Rappelons que les tarifs des prestations médicales dans le secteur privé en Algérie ne sont encadrés par aucune nomenclature, les médecins disposent d'une grande marge de manœuvre dans la fixation des tarifs des prestations. Cette absence d'une grille de tarification a laissé une grande place à une diversité des prix pour une même prestation. Le secteur libéral en Algérie peut être assimilé au secteur II en France, dit à honoraires libres, où le médecin n'est pas encadré par un quelconque tarif conventionnel. Le prix devient un levier pour faire face à la concurrence dans un contexte d'un marché limité, marqué par l'absence d'une prise en charge collective des dépenses occasionnées dans le privé. Paradoxalement, nous observons une adhésion collective des médecins à un dispositif tarifaire (une entente tacite) sans pour autant sacrifier la liberté de fixer leur propre tarification suivant une stratégie de différenciation.
Malgré l'attractivité financière du secteur privé, les médecins algériens s'accrochent à leur emploi dans le secteur public. La recherche de gains est certes un motif important dans l'élaboration de leur stratégie, néanmoins l'emploi à l'hôpital garantit un revenu, assure une stabilité de l'emploi et contribue à la réalisation des aspirations professionnelles des médecins. En présence d'un secteur privé plus rémunérateur, l'offre de travail des médecins va obéir à des stratégies de façonnage des activités en arbitrant entre un secteur public contraint par une quantité de travail connue et fixe et un secteur privé où l'offre de travail est très élastique. L'arbitrage entre ces deux emplois va déterminer la quantité de travail effectuée et, partant, les revenus des médecins en double activité.
En Algérie, l'attrait du secteur public est un contrepoint qui reste encore efficace. Il s'agit alors non pas d'interdire ou de laisser libre la double activité, mais de l'encadrer. S'il est démontré qu'il y a abus, ce qu'il faut encore prouver, un contrôle plus strict de l'activité publique à assurer peut être un élément de régulation. Même si le différentiel de rémunération est un moteur essentiel de la double activité, aligner les salaires des médecins de l'hôpital avec ceux du privé semble être une solution difficile à mettre en œuvre aujourd'hui dans le contexte algérien. Certes, les motivations financières des médecins sont fortes, mais d'autres arguments peuvent peser pour un fonctionnement plus efficace et équitable du secteur public. Le niveau des équipements techniques peut en être un : il est peut-être alors plus réalisable et pertinent d'améliorer les plateaux techniques publics plutôt que d'augmenter les salaires des médecins publics. Quant au développement d'un système de santé à deux vitesses principalement assis sur un écrémage financier ou social, il est un risque important lié au fonctionnement actuel de la double activité.
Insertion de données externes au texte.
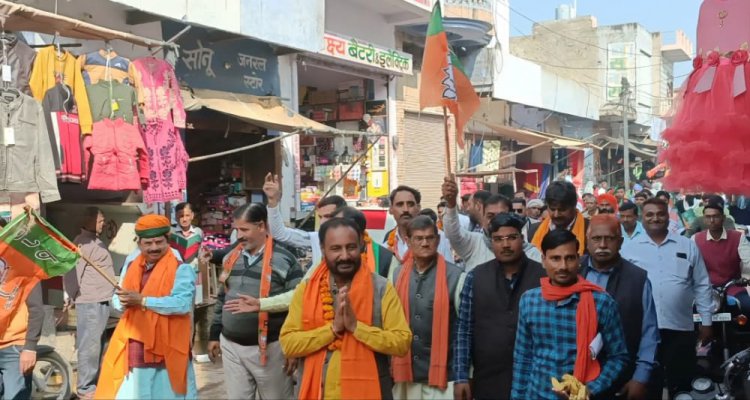 सूबे की गहलोत सरकार के कुशासन के खिलाफ गोविंदगढ़ कस्बे में निकली भाजपा की जन आक्रोश रैली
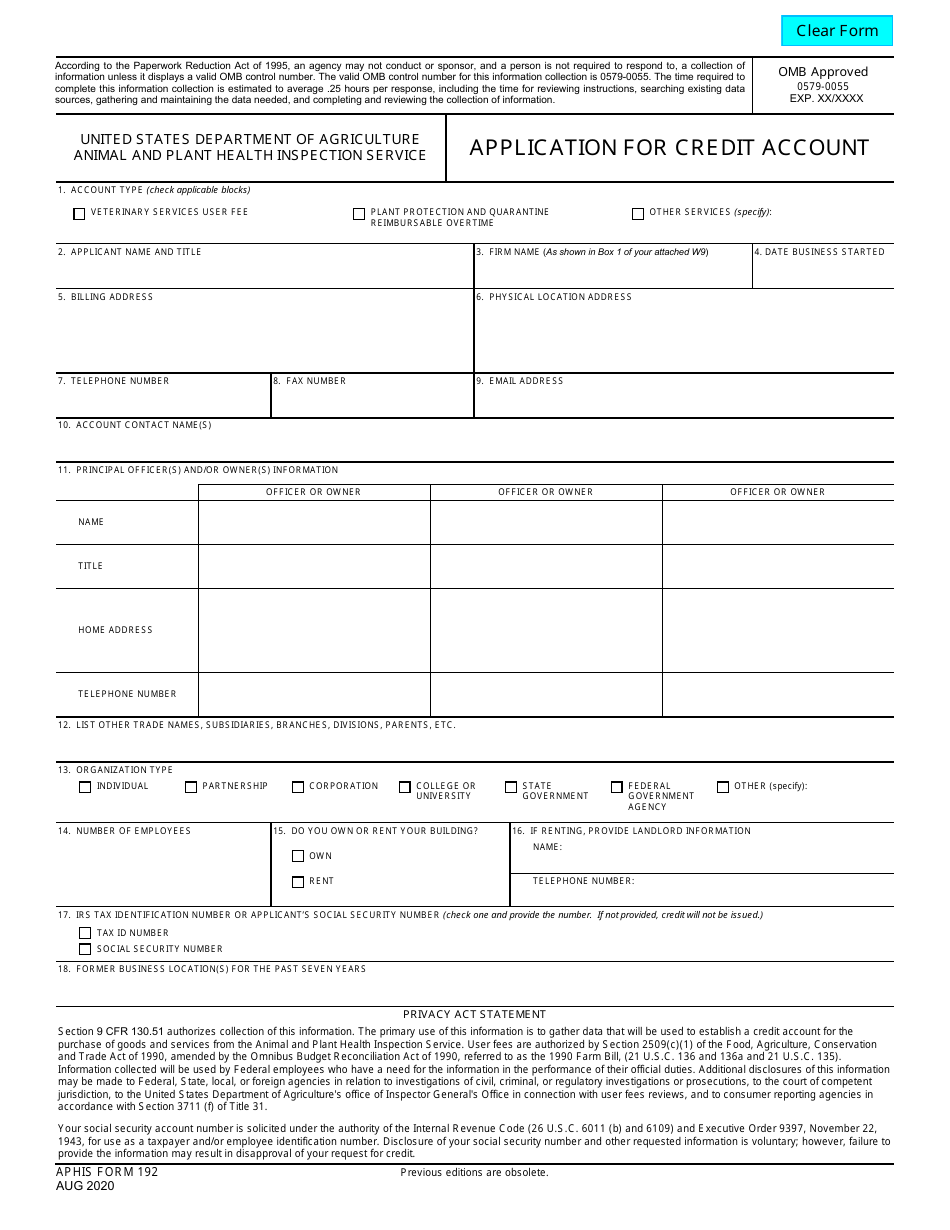 APHIS Form 192 Application for Credit Account, Page 1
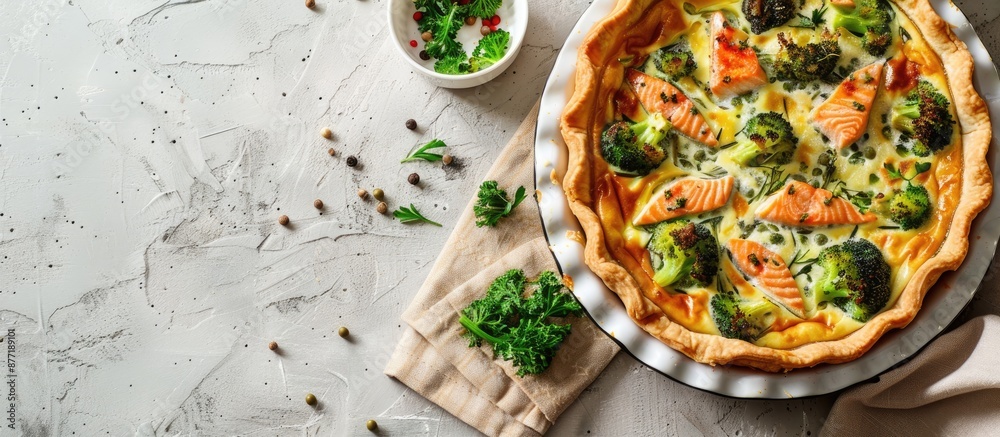 Poster Close up view of a savory homemade quiche featuring salmon and broccoli on a beige table with a blank area for text in the image area. with copy space image. Place for adding text or design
Il est impératif de mieux connaître la double activité afin de mettre en place des politiques de régulation adéquates : collecter des données objectives sur le temps de travail public et privé des médecins, sur les caractéristiques socioéconomiques des patients du secteur privé, conduire des enquêtes qualitatives sur les motivations des médecins publics qu'ils soient ou pas en double activité.
Nous ne minimisons pas la difficulté de telles études dans un système de santé où les données disponibles sur l'activité médicale ne sont pas bien fournies. Une meilleure connaissance de la double activité nous semble pourtant de toute importance à l'heure où le pan privé du système de santé se développe et où des politiques pertinentes seraient à mettre en œuvre pour maintenir un service public de qualité et accessible.